++++ PROVIDED DATA ++++

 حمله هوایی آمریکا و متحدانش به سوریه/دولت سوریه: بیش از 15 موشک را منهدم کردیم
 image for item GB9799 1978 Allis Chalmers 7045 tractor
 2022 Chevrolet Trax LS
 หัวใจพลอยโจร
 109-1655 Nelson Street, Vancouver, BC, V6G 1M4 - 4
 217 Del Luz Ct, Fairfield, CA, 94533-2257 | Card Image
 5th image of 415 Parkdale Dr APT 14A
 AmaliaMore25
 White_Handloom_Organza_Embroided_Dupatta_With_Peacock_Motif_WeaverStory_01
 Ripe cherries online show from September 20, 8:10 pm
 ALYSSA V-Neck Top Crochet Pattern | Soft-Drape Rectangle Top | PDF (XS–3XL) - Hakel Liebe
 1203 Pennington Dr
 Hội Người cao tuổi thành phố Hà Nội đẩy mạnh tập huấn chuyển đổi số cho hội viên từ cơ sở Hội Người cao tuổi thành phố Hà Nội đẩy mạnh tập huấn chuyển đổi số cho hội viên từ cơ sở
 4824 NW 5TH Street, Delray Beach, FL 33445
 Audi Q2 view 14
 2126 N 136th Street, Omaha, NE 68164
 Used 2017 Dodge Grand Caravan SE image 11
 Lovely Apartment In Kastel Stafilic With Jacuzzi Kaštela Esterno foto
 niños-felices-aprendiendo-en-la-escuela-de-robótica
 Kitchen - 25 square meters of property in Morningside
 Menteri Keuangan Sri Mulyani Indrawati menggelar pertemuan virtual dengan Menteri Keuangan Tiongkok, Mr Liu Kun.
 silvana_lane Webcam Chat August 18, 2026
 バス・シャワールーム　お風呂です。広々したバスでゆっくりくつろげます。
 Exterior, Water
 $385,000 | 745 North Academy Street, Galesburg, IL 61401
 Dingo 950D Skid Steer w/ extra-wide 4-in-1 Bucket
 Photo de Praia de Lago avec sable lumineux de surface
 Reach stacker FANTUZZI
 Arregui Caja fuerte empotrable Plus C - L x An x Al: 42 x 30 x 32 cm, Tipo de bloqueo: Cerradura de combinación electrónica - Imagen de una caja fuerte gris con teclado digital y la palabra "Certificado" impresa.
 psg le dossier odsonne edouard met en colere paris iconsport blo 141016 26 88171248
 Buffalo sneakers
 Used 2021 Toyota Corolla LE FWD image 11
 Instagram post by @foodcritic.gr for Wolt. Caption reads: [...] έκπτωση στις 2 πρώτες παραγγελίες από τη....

++++

EXERCISE INSTRUCTIONS:
Only the lines from the one with "Used 2021 Toyota Corolla LE FWD image 11" through the last line above should be restated, word for word.

TASK OUTPUT:
 Used 2021 Toyota Corolla LE FWD image 11
 Instagram post by @foodcritic.gr for Wolt. Caption reads: [...] έκπτωση στις 2 πρώτες παραγγελίες από τη....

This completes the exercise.